The extension of individual microglia processes was tracked manually and measured using ImageJ considering the initial distance (at t = 0 min) and the final distance (at t = 35 min) from the center of the laser lesion. The mean speed and distance traveled were calculated for each microglial process. The percentage of responsive microglia cells was quantified by counting cells that showed at least one process moving toward the lesion site. The positions of the processes at t = 0 min were divided into four ranges: 0–30 µm, 31–60 µm, 61–90 µm and 91–120 µm (see the results above).

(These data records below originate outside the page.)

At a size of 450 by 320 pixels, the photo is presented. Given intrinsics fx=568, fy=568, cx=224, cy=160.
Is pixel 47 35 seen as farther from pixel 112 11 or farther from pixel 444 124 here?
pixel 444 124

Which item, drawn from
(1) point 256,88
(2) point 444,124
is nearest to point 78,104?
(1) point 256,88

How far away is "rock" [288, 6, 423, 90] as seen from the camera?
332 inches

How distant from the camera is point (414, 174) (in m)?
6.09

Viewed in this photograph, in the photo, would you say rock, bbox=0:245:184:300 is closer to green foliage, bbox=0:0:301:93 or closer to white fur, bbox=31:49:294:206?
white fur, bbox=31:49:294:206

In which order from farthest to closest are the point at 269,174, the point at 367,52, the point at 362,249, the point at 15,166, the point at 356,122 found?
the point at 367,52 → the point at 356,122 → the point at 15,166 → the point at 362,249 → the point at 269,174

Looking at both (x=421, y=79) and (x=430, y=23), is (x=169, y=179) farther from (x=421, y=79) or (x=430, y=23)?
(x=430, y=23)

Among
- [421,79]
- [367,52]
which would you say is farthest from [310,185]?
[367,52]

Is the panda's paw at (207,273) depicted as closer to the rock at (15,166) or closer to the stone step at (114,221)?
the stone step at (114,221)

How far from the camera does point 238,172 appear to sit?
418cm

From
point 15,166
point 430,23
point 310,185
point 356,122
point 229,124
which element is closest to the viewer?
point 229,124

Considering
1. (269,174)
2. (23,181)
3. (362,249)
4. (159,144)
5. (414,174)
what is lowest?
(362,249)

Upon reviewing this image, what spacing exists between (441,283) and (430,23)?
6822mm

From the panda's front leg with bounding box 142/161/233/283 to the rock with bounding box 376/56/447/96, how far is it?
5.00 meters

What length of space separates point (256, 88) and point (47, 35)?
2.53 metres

Laser lesion and in vivo imaging of Aβ-containing microglia in Irf8+/+/Cx3cr1+/−/5xFAD and Irf8−/−/Cx3cr1+/−/5xFAD mice

Irf8+/+/Cx3cr1+/−/5xFAD and Irf8−/−/Cx3cr1+/−/5xFAD mice (7–10 months old) were anesthetized via i.p. injection of ketamine (100 mg kg−1 body weight) and xylazine (10 mg kg−1 body weight), and a craniotomy was performed as described above, but before covering the exposed cortex with the glass coverslip, the dura was carefully removed, and 10 μl of 0.01% Thiazine Red diluted in sterile 1× PBS was applied to the cerebral cortex for 5 min.

Laser lesion and acute two-photon imaging were carried out as described above with the following main differences: (1) laser injury was induced in a larger area of about 2 mm2 within the region of interest; (2) emission filters of 590–650 nm and 515–560 nm were used to detect, respectively, Thiazine Red and GFP signal; and (3) microglia response was recorded every hour for a total of 6 h on the first day at a depth of 0–70 μm. Imaging of the same lesioned region was carried out, as a single acquisition, 24 h later. At the end of the experiment, the mouse was killed by decapitation.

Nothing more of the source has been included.